What you should do: Without pictures, repeat exactly the lines from the one containing "Yard House - Spicy" through the end of the entries.

Dataset extract:
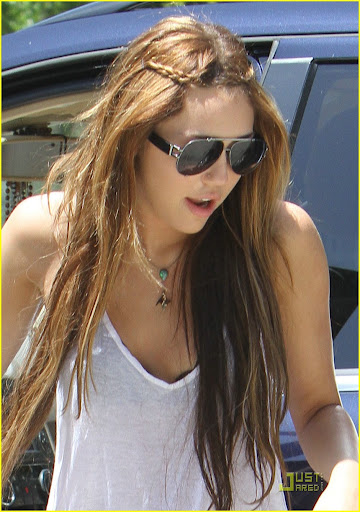 Miley Cyrus, in her short shorts and string tank, out with a friend. They smile for the cameras. April 25, 2010 X17online.com exclusvie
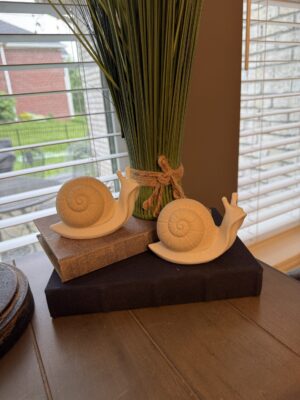 Two white ceramic snail figurines on books
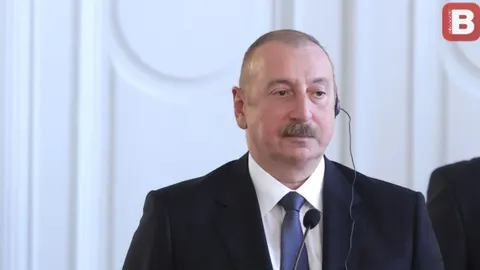 Portret muškarca u tamnom odijelu i plavoj kravati s mikrofonom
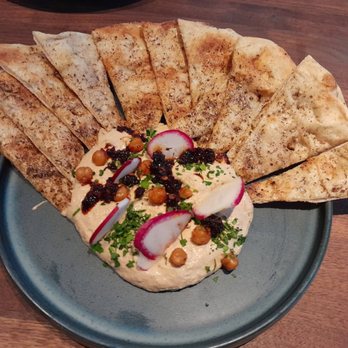 Yard House - Spicy Zatar Hummus. Those little fried chickpeas on top were so light and crunchy. This was very good as well. - American Near Me - Sparks, Nevada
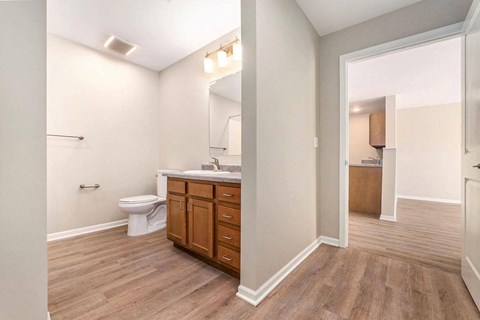 a renovated bathroom with a toilet and a mirror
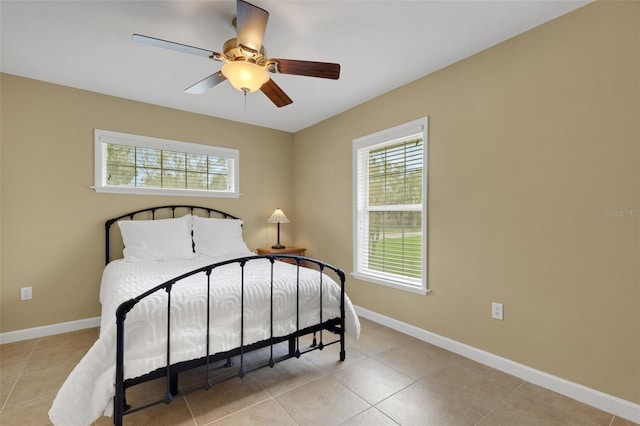 bedroom with ceiling fan and light tile patterned flooring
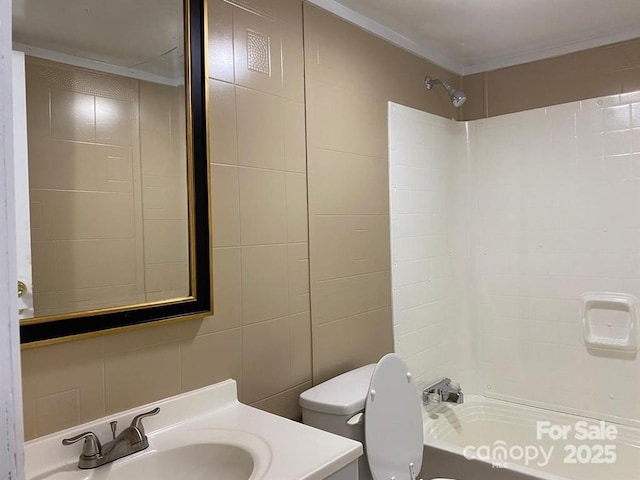 full bathroom featuring bathing tub / shower combination, vanity, tile walls, and toilet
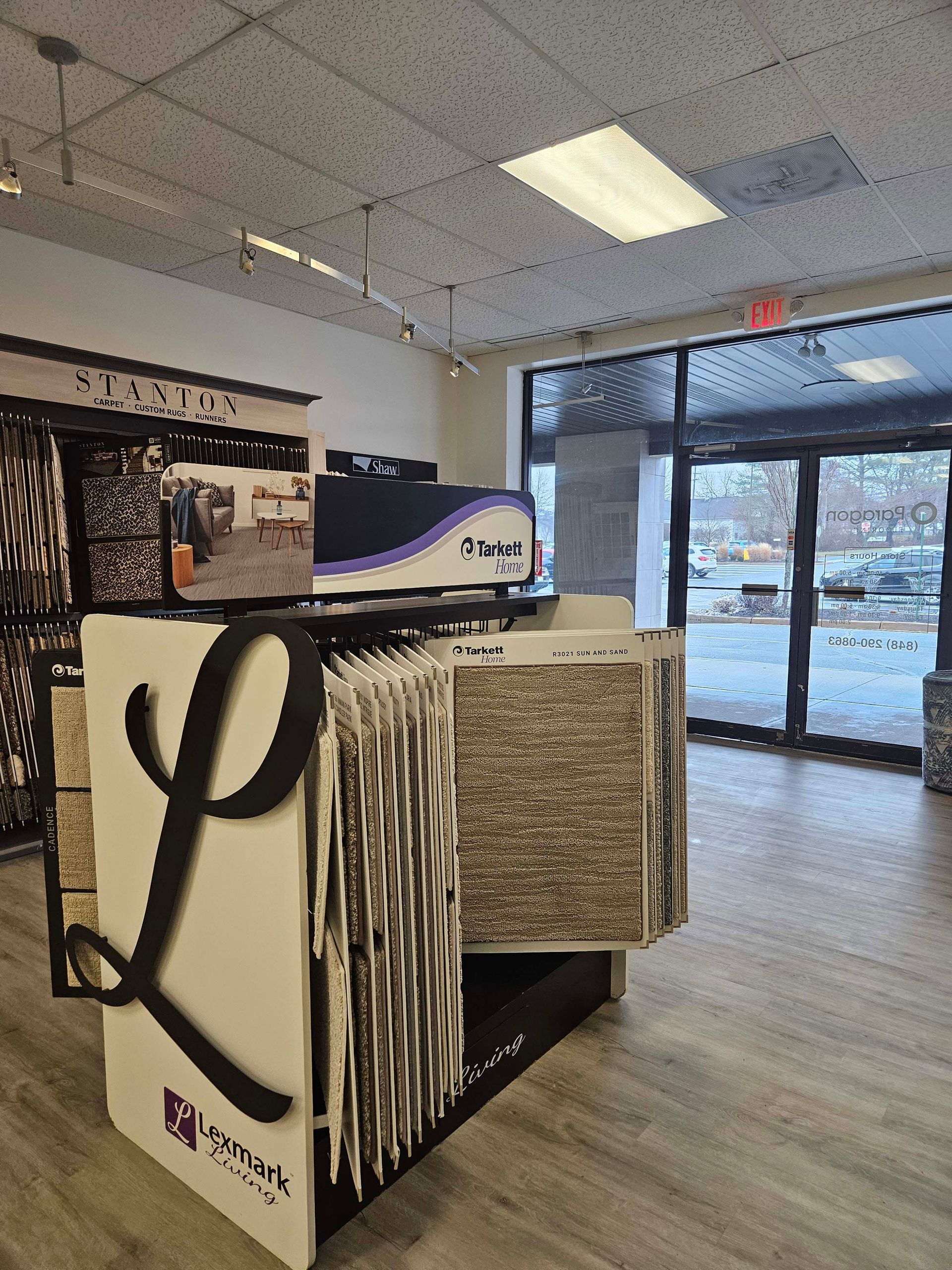 a carpet display in a store with a large letter l on it .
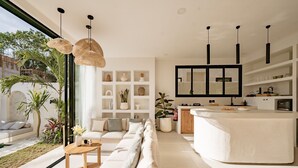 A modern living room with a large window, a sofa, a coffee table, and a kitchen area with a counter and cabinets. - Villa Yuni Uluwatu (Pecatu)
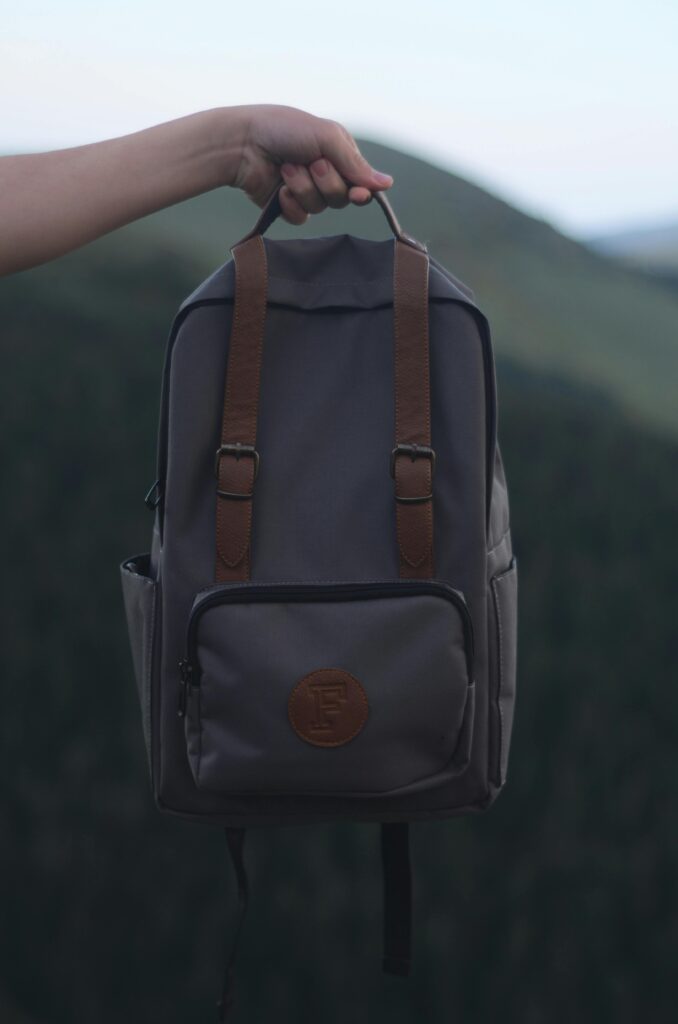 Inicio A person holding a stylish gray backpack with leather straps, set against a natural outdoor background.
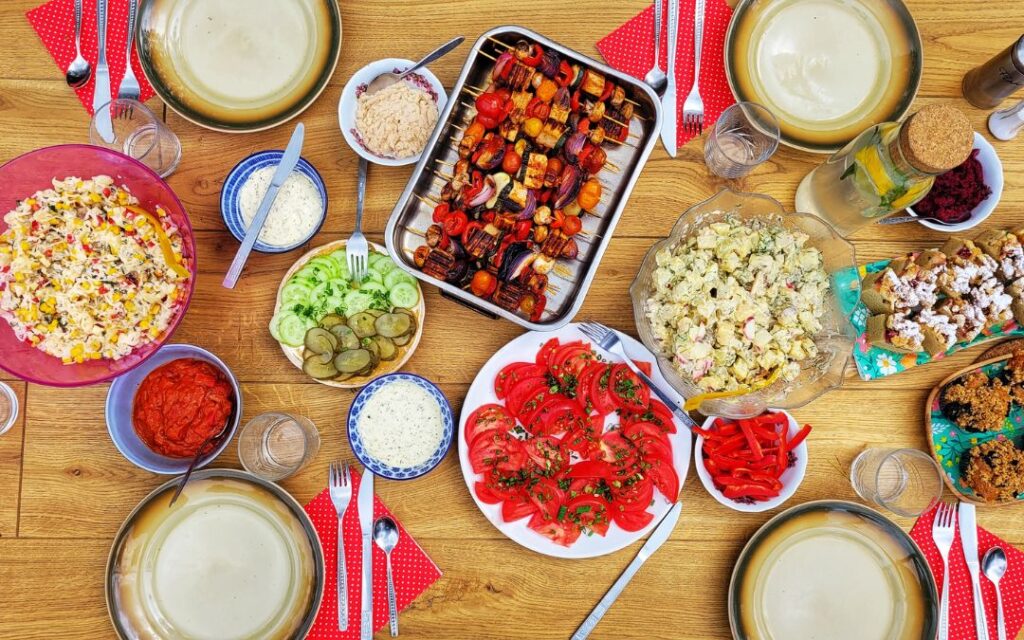 wegańskie jedzenie na stole, sałatki, szaszłyki, dipy, ciasto i świeże warzywa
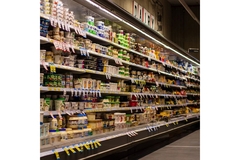 Image Supermarket aisle with dairy yogurts.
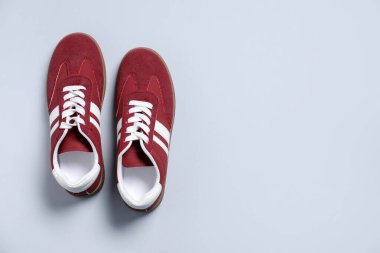 Gri arka planda bir çift şık spor ayakkabı, üst manzara. Metin için boşluk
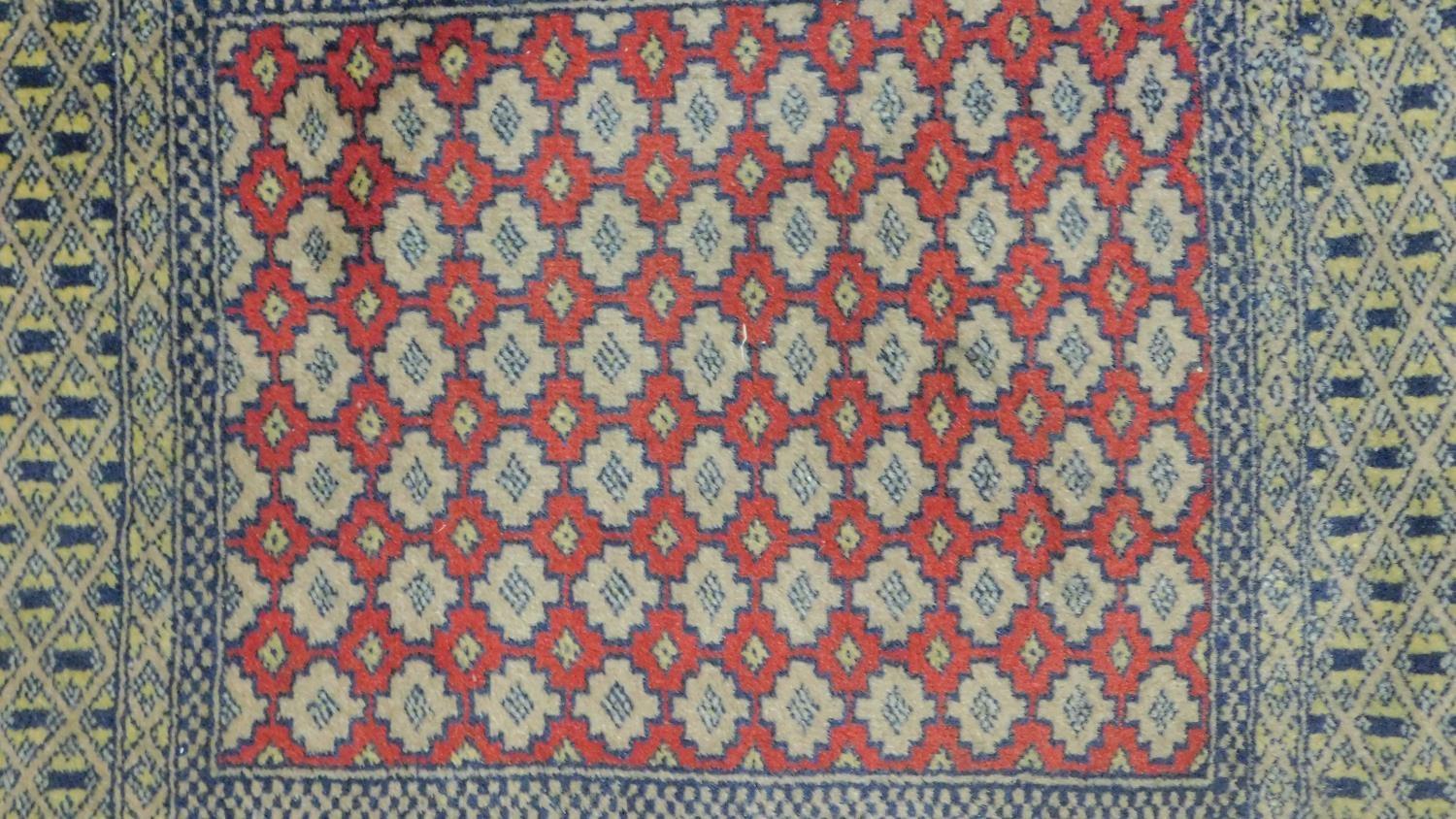 A Kazak rug with central lozenge medallions on a rouge field within floral multi borders and two - Image 4 of 4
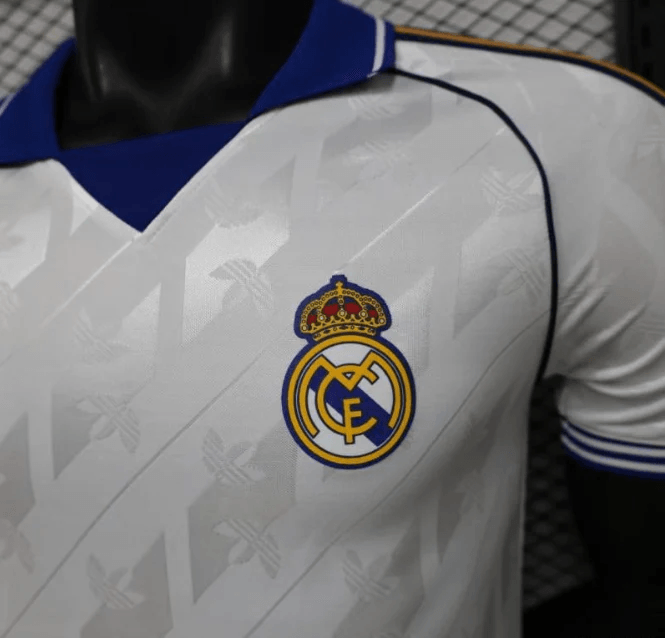Close-up of Real Madrid crest on white jersey with jacquard pattern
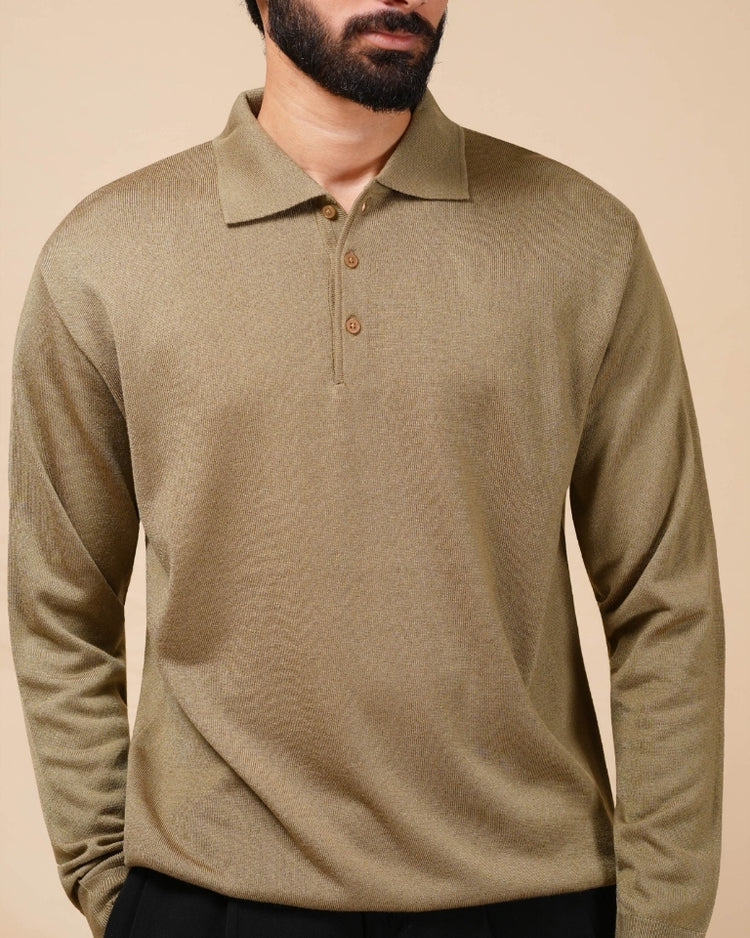 Man wearing a beige long-sleeve polo shirt against a beige background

Result of the task:
 Yard House - Spicy Zatar Hummus. Those little fried chickpeas on top were so light and crunchy. This was very good as well. - American Near Me - Sparks, Nevada
 a renovated bathroom with a toilet and a mirror
 bedroom with ceiling fan and light tile patterned flooring
 full bathroom featuring bathing tub / shower combination, vanity, tile walls, and toilet
 a carpet display in a store with a large letter l on it .
 A modern living room with a large window, a sofa, a coffee table, and a kitchen area with a counter and cabinets. - Villa Yuni Uluwatu (Pecatu)
 Inicio A person holding a stylish gray backpack with leather straps, set against a natural outdoor background.
 wegańskie jedzenie na stole, sałatki, szaszłyki, dipy, ciasto i świeże warzywa
 Image Supermarket aisle with dairy yogurts.
 Gri arka planda bir çift şık spor ayakkabı, üst manzara. Metin için boşluk
 A Kazak rug with central lozenge medallions on a rouge field within floral multi borders and two - Image 4 of 4
Close-up of Real Madrid crest on white jersey with jacquard pattern
 Man wearing a beige long-sleeve polo shirt against a beige background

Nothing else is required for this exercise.